Common Cause has produced a report to show the involvement of the “religious right” in a systematic legal attack on campaign finance restrictions. At the center of the tale is lawyer Jim Bopp and around him are clients with passionate commitments who wish pursue them without financing limitations or disclosure.  Common Cause describes this as a “crusade.”

As a descriptive piece, there is nothing wrong with this report. The activities of Bopp and his clients are presented with reasonable accuracy, as far as one can tell.  But on another level, the report could be read to be making a political point—to imply that the religious right, waging this “crusade” against campaign finance, is exhibiting an unsavory zealotry on regulatory issues like the one some might attribute to its religious commitments. The word “crusade” is not here a throw -away.  It appears in the title of the Report, then again in the Executive Summary, and finally once more in the Conclusion.  It is an imputation to this cause of extremism.

This is typical of an unfortunate certain line of argument that would judge the merits of a reform position by the politics of the proponent. It is also selective in its choice of targets. The “religious right” is not alone in resisting campaign finance restrictions, both limits and disclosure, as obstacles to the pursuit of a program they believe to have paramount political, moral or social importance. This can be true of crusades on the left and the right, and also of those “crusades” that are secular in character but conducted in a crusading spirit.

Professor Larry Lessig, for example, has undertaken what has been described elsewhere as a “crusade,” this time in favor of restrictions on money and politics: “Lessig’s crusade against money in politics,” Evan Osnos of The New Yorker has written, can be traced back to 1998….”   Osnos is writing about Lessig’s choice to employ an avenue of unlimited spending —a Super PAC—that he aims to close to all others. Precisely because, as he sees it, desperate times call for desperate measures, he is willing to live with what he calls the “irony” of exploiting the fruits of deregulation in order to re-regulate. His is a higher purpose, and he appeals to it in justifying this strategy.

And along the way, as result of his difficult experience, he has concluded that even disclosure is a mixed blessing.  Like those in the “religious right” described by Common Cause, he has come to believe that public reporting can expose donors to harassment:

(T) ransparency has its costs: [MAYDAY) committed to full transparency about its donors (over $200). That commitment was costly. Because our large contributors were known, it was easier for at least one powerful incumbent to leverage his power against our contributors.

Unlike the organizations in the Common Cause report, Professor Lessig has committed to the transparency about which he has these reservations. But he takes the “religious right’s” point about disclosure’s costs.

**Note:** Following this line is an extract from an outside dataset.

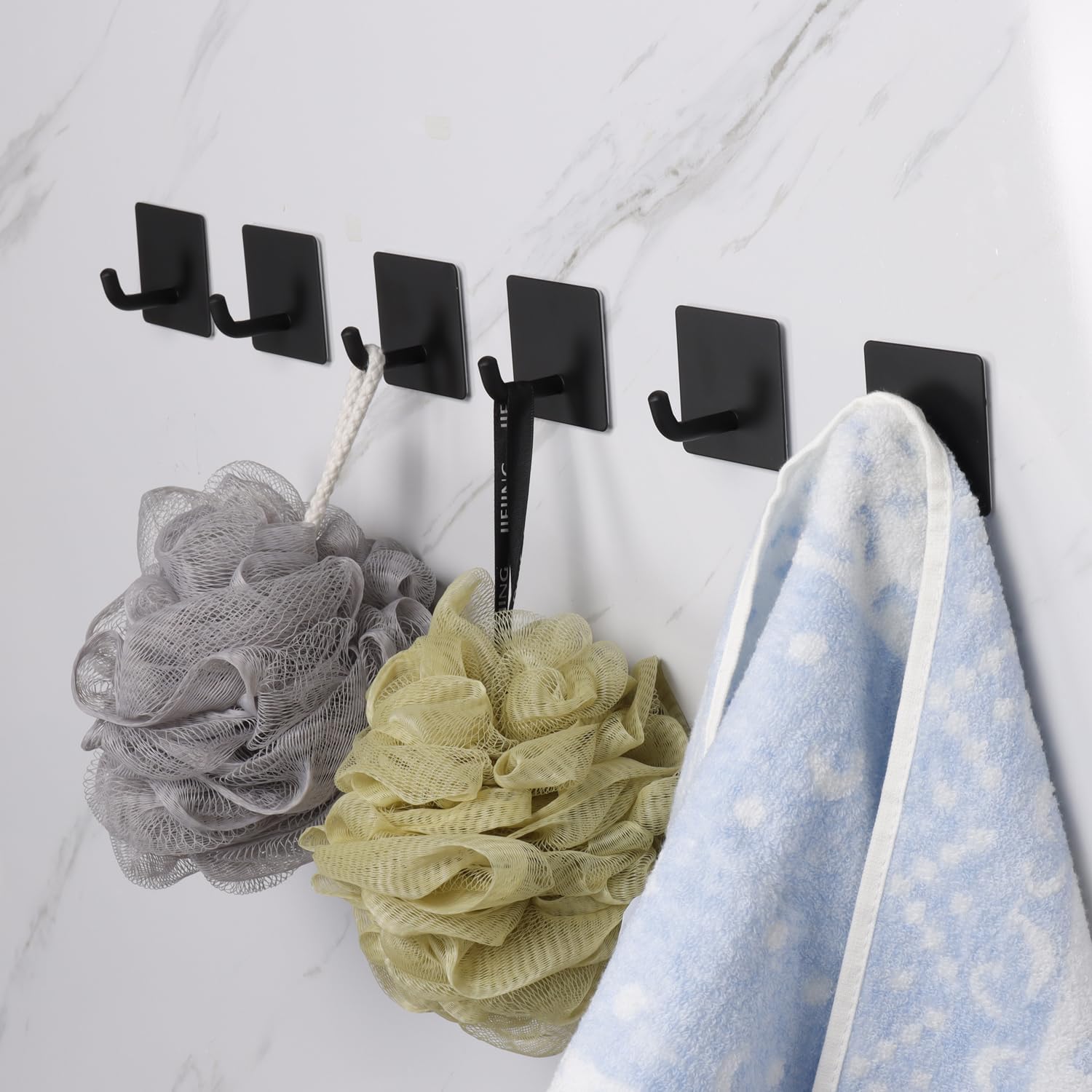 Bath Towel Hooks - 10 Pack Strong Self Adhesive Coat/Clothes Hooks, No Drilling Sticky Hooks, Heavy Duty 304 Stainless Steel Shower Wall Hook for Bathroom Kitchen Bedroom(Matte Black)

So while Larry Lessig’s goals are entirely opposed to those of Jim Bopp and his clients, their positions are comparable: in each case, these crusaders care about a political objective that they take to be hindered by financing restrictions, and in each case, they wish to clear those restrictions away in working toward that objective.  Beyond their ideological differences, each is worried about the costs of regulation—like the risks of disclosure.

Common Cause may not have intended its report as an argument for regulation that is based on the politics of those opposing it. But if that is the case it wishes to make, it is not a thoughtful contribution to the debate and not a model to follow.